Be Less Polite

The nicest thing you can say to your friend is “Fuck you!” Not when you’re actually mad, but when you’re goofing around and they just got you good, and you’re acknowledging that yeah, you’re owned. That “fuck you” says “We are in a circle of trust and intimacy, and because of this we do not need to be polite.”

“Polite” is good, it’s how strangers and acquaintances and fellow professionals keep things running smoothly. But it has limits. To be polite is to maintain distance. It’s the tiny apologies we whisper when we accidentally brush against a stranger. It’s the “dear” that starts an email and the “sincerely” that closes it. It’s the invasive questions we don’t ask during small talk.

Dropping the politeness is an honour. It doesn’t mean being a dick. It means you trade “hello” for “hey.” You pee with the door open and you poop when your partner’s at home. You ask “Are you two planning to have children?” because you’re close friends and they could ask the same of you. You let them pick up the check sometimes.
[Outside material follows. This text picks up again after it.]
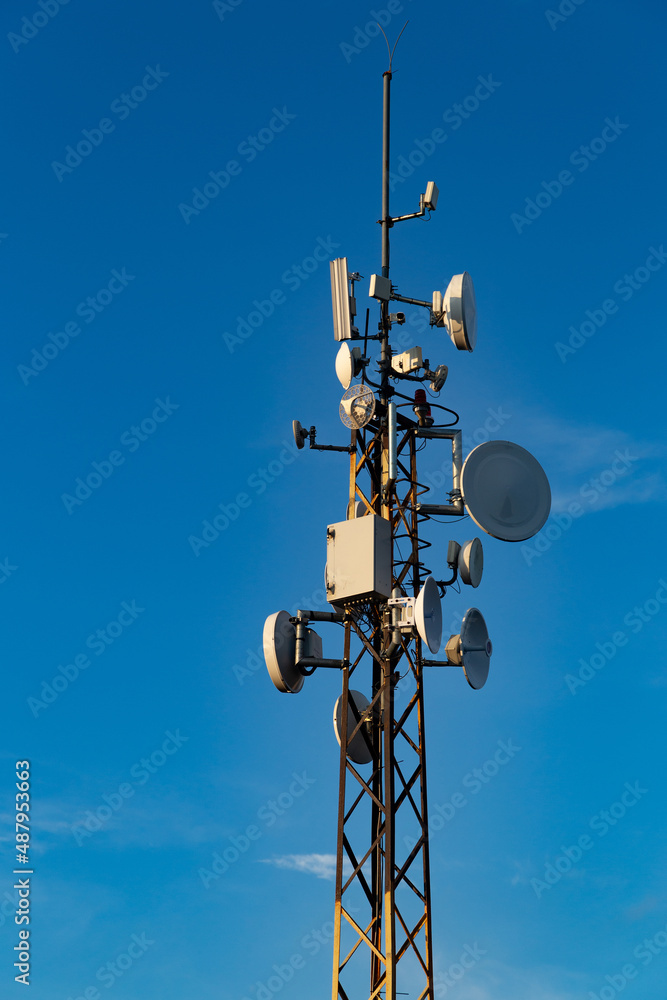 The top of the telecommunication tower antenna, transmitter. The top of the telecommunication tower antenna, transmitter.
It doesn’t mean you start being a dick — no, it means you’re nicer to the other person. All the pretences you drop, they drop too. You let them ask you nosy questions. You let them impose. You still respect them, but now you also bring them closer.

CD Baby founder Derek Sivers calls it being meta-considerate. Being considerate, he says, means showering someone with attention and gifts to win their love. Being meta-considerate means treating them like your much-beloved equal, letting them chase you back.

There’s a balance, of course; there’s always a balance. Sometimes your friend is actually too rude, sometimes you misunderstand your relationship, sometimes you forget to check for cues and you embarrass yourself. That’s life, that’s the basis of every sitcom, that’s the dance we all play. Would that we could all be perfect rationalists or a Star Trek planet of involuntary telepaths. And it is a dance, to follow and lead — to be the first to bring a toothbrush to their place, to crack the first “my kids suck” joke to your fellow parents, to join in on the roast in the group chat.

You can even be meta-considerate to strangers. You can break through the polite silence to crack a joke or compliment them. Anything that bends normal etiquette so that you can do something nice. Hitting on a stranger, criticising them, or getting way too nosy is not meta-considerate.

Pointing out a shortcut or waving hello to their baby is meta-considerate. Personally I think it’s meta-considerate to not say “bless you,” but I recognise that I’m ahead of my time.

You can also pay attention to the difference between “technically polite” — like letting pedestrians ahead of your car even when you have the right of way — and “practically polite” — like following the normal traffic rules so no one has to enter a weird “no, after you!” stand-off at the crosswalk.

And every so often, you can be really nice to your friends, and tell them, “Fuck you!” Adjust, of course, to your comfort level.